My Friends in Israel Are Not All Israeli

With the recent violence and escalation in the Middle East, my mind is on Israel. With every report of a rocket falling or a siren blaring, my heart skips a beat. It’s so close to home.

I spent last year studying at the Pardes Institute of Jewish Studies, while living in Jerusalem. I have close friends and family in Israel right now, and feel a deep sense of sadness and worry for what they are living through.

And my friends are not all Israeli.

While in Israel, I volunteered with organizations such as Rabbis for Human Rights and Encounter. These experiences led me to make meaningful connections with young Palestinians living in the West Bank and in East Jerusalem. I want to tell you about one of my friends. I want to share her story, because I believe that it’s important to make room for voices to be heard.

Haya and I met about six months ago, when I participated in an Encounter trip to the West Bank. She was speaking on a panel, and talked about the politics of being a young woman living in Hebron. We chatted for a while after the panel, a little about politics but mostly about college and Miley Cyrus. Haya is currently studying English literature at the University of Hebron.

I visited Haya a few times after we met. She showed me around Hebron, and her University. I met her friends and she took me to her favorite shops in town. When I heard news that the IDF was looking for the men that abducted and killed three young yeshiva students in and around Hebron, I reached out to her. I heard several reports of house demolitions, road blocks, curfews, and so on, but I wasn’t really certain what was happening on the ground.

She lives in a suburb of Hebron, so I didn’t really think anything would be bad in her immediate proximity. Her family is middle-class, and they are all peace activists. Her parents came to the same discussion I met Haya at, and stayed for dinner after. Her father, a small and joyful man, asked me if I had any Palestinian friends in Jerusalem. I told him no. Immediately, brimming with excitement, he responded, “Now you have one!”

So as this latest escalation of tensions began, I texted Haya: “Are you okay?”

All she responded, after moments of typing back was, “Not really.”

I pushed her: “What’s going on?”

“There are settlers and soldiers everywhere. They closed all the entrances and exits.” She was confined to her house.
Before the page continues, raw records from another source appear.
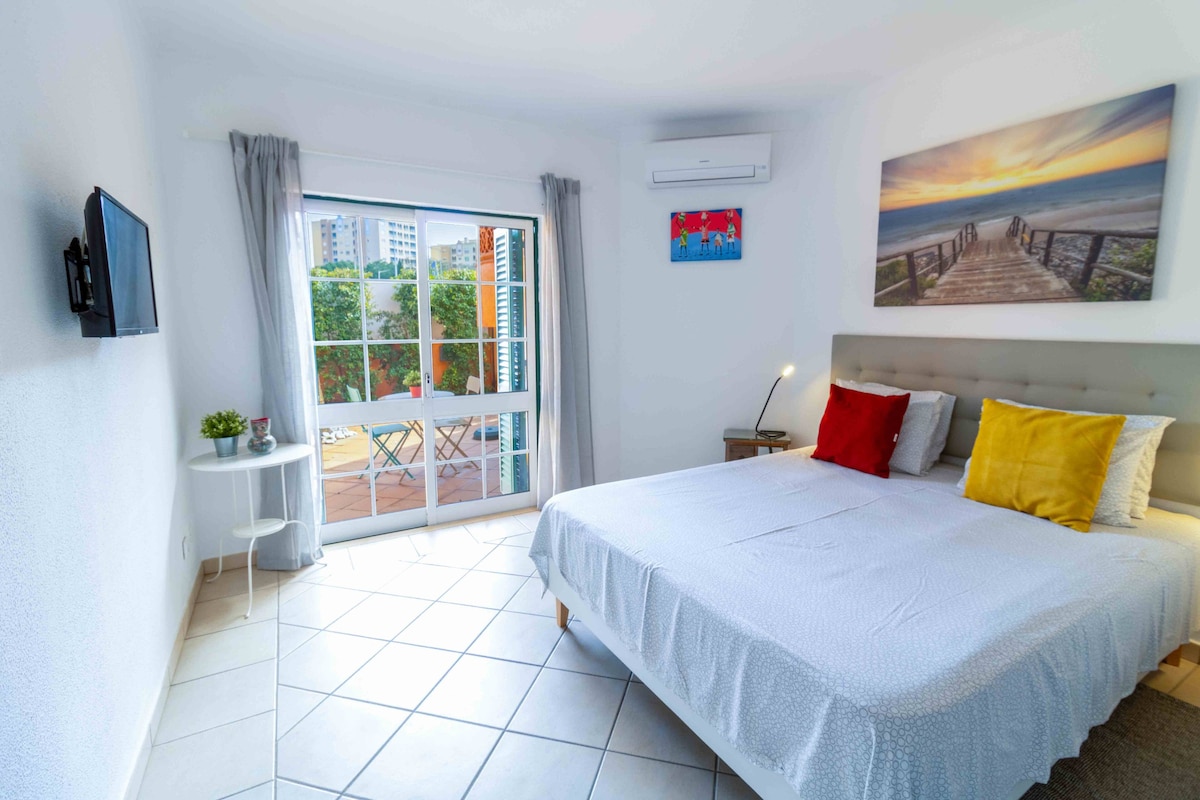 A well-lit room features a spacious bed adorned with colorful cushions. A wall-mounted TV is positioned opposite the bed. Large glass doors open to a balcony, allowing ample natural light. A small table and chairs are set up outside, enhancing the outdoor experience.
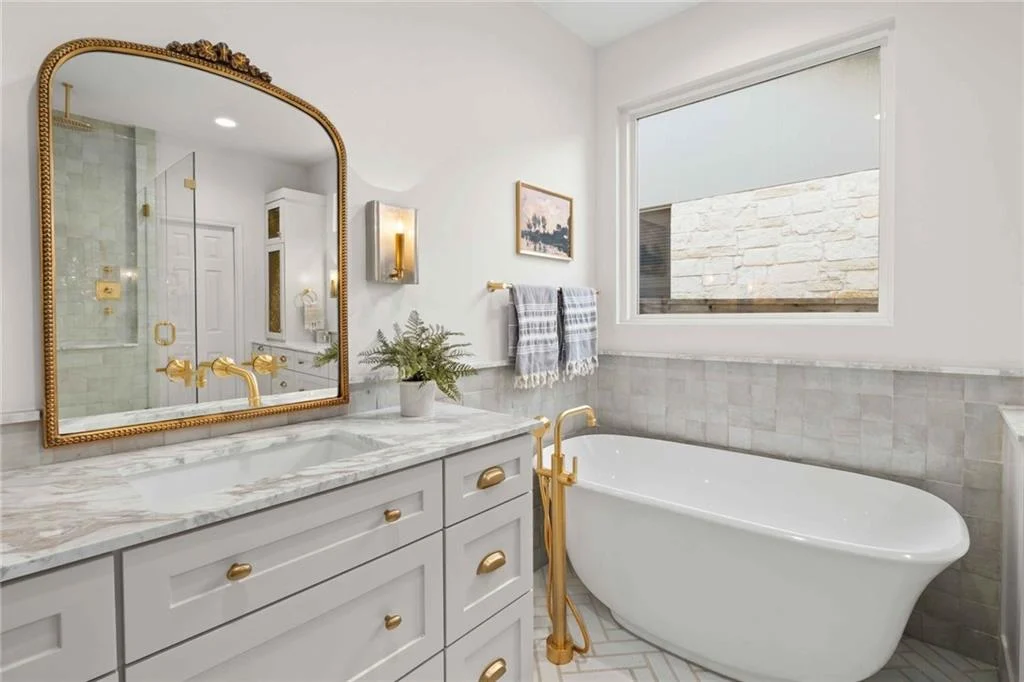 A bathroom with white cabinets with white counter top white gold fixtures 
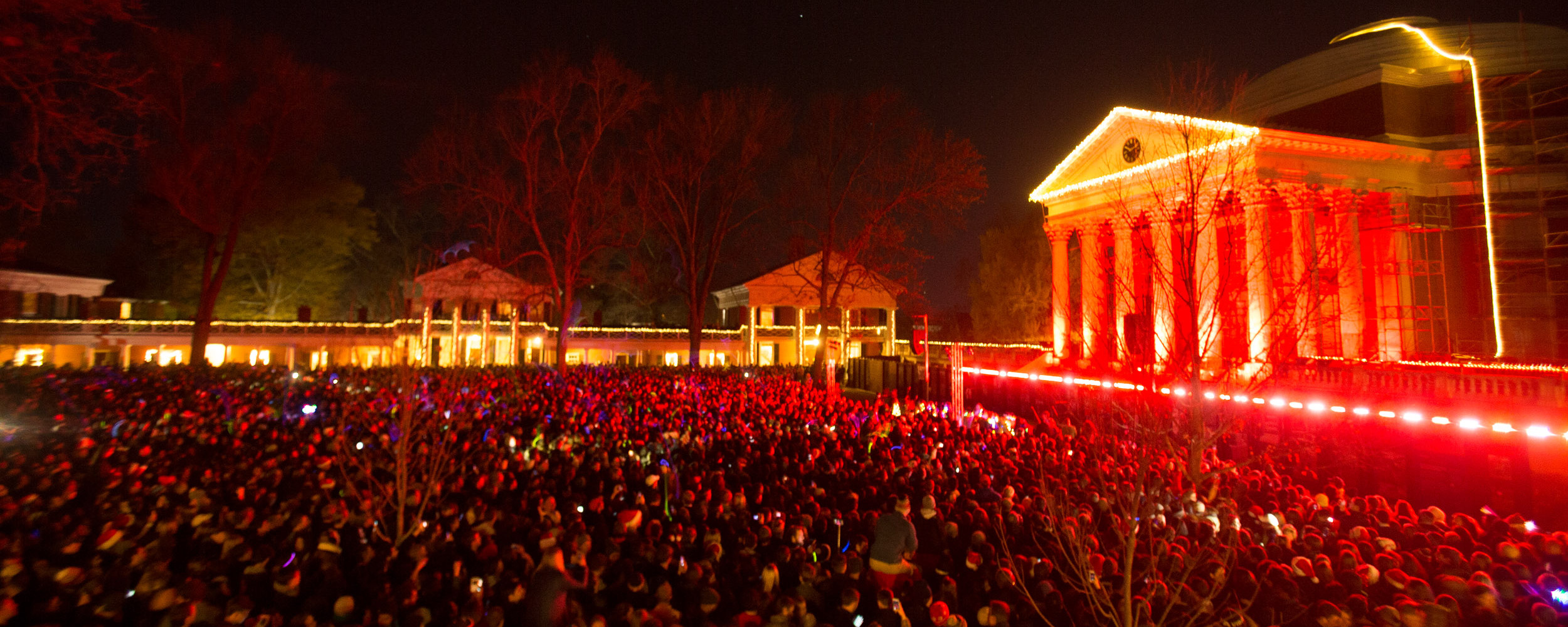 Thousands of students on the Lawn with colorful lights as the Rotunda is lit up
Then after moments of silence, she added, “It’s going to be a tough night.”

She continued to tell me about how the soldiers searched her neighbor’s house, that they were searching all the houses in the neighborhood, that hers was probably next. That she was afraid. Then the tear gas came and she described the smell to me, and how even though she was inside the smell was so strong. She said, “I hate it.”

I tried to imagine smelling tear gas in my own home. I cringed. I couldn’t really imagine it.

Haya and I are a similar age, have the same taste in music, watch the same TV shows, have friends in common. Yet we are worlds apart. I listened as she told me about the soldiers that would forcefully enter her house and ransack it. I tried to imagine what that would feel like. As we work towards a better future, one filled with peace and lovingkindness, we must reach out to those unknown to us and listen to their stories attentively. We must share our own in return. In the words of Henry David Thoreau, “Could a greater miracle take place than or us to look through each other’s eye for an instant?”

This notion is a Jewish one, too. Pirkei Avot 6:5 teaches us “Torah is acquired by means of 48 qualities [including] attentive listening, articulate speech, intuitive understanding…deliberation… asking and answering, listening, and contributing to the discussion.” As we continue to pray for the safety of friends and family in Israel, it’s important to remain open to hearing personal narratives. These stories are what help make the events “real,” and allow us to see the real life people impacted by conflict on a daily basis.

Let us listen to these narratives, value these friendships, and pray for peace for everyone. Everyone.